Data records =>
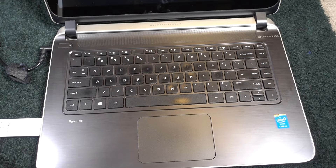Hello, David here and the project for today is replacing the Wi-Fi card on a Hewlett Packard Pavilion laptop.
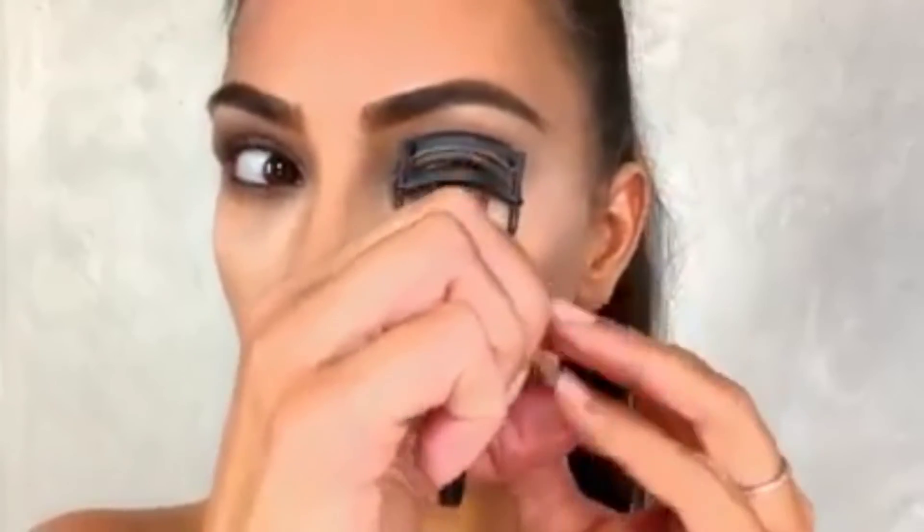Next I'm going to line the inner eyes with black. Then I'm going to curl my lashes — I love this lash curler by Troy Surratt. It really gets in there; all my makeup artists die over it, like how do you get so close to the lash? These are my real lashes — everyone thinks I have lash extensions, but no lash extensions here.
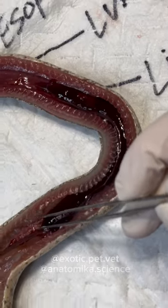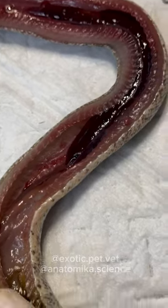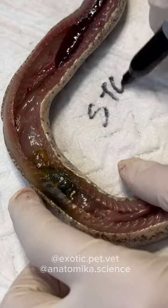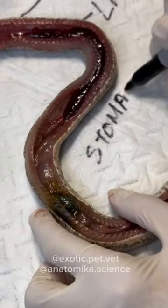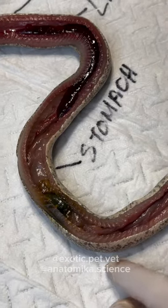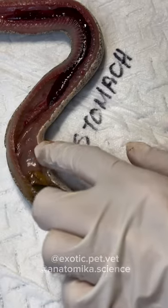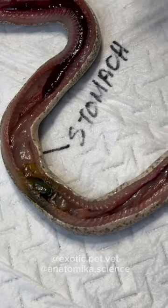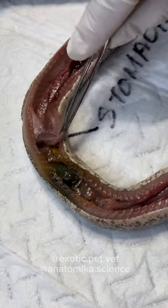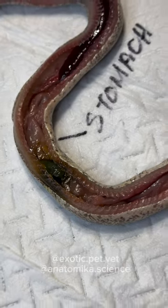Past the liver you have more lung. And then we have the stomach — it is empty, but it's pretty big, so you can see how they can fit in a nice rat or mouse. Very stretchy organ.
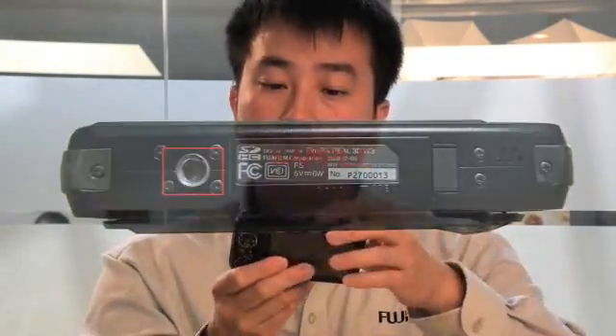Now we take a look at the bottom of the camera. We have the speakers, we have the tripod mount, and of course we have the battery cover. And we open that up — it reveals two things: the NP-50 rechargeable battery that's included with the camera, and also the memory card slot, which uses an SD card. We highly recommend you use a class 4 SD card in order to record high definition video, otherwise it may stop because it doesn't have that fast write time. So I'm going to put that back in and the cover's back into the camera.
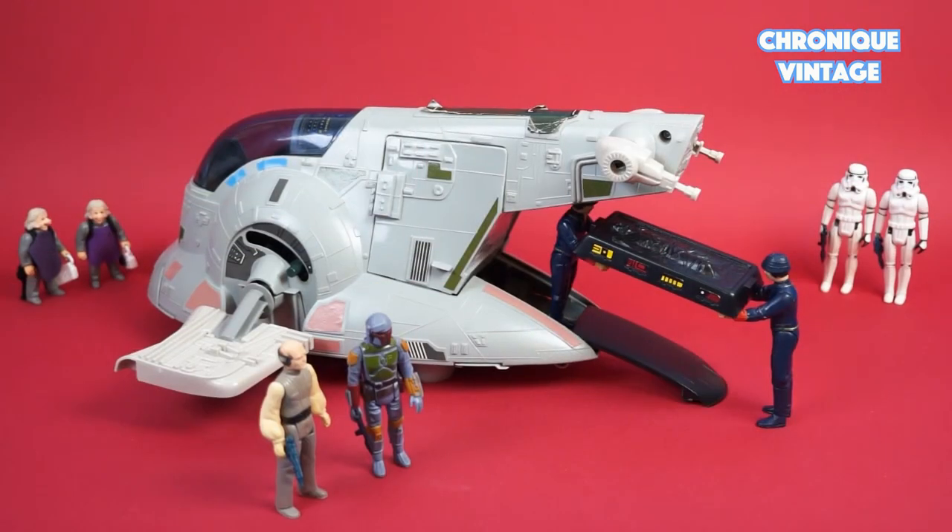Boba Fett's spaceship is designed with one cockpit, two wings, two laser cannons, one access ramp, and one cargo door.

Your instructions =>
No pictures belong in the answer, only the lines from the top of the listing through the line containing "Past the liver", repeated word for word.

Exercise solution =>
Hello, David here and the project for today is replacing the Wi-Fi card on a Hewlett Packard Pavilion laptop.
Next I'm going to line the inner eyes with black. Then I'm going to curl my lashes — I love this lash curler by Troy Surratt. It really gets in there; all my makeup artists die over it, like how do you get so close to the lash? These are my real lashes — everyone thinks I have lash extensions, but no lash extensions here.
Past the liver you have more lung. And then we have the stomach — it is empty, but it's pretty big, so you can see how they can fit in a nice rat or mouse. Very stretchy organ.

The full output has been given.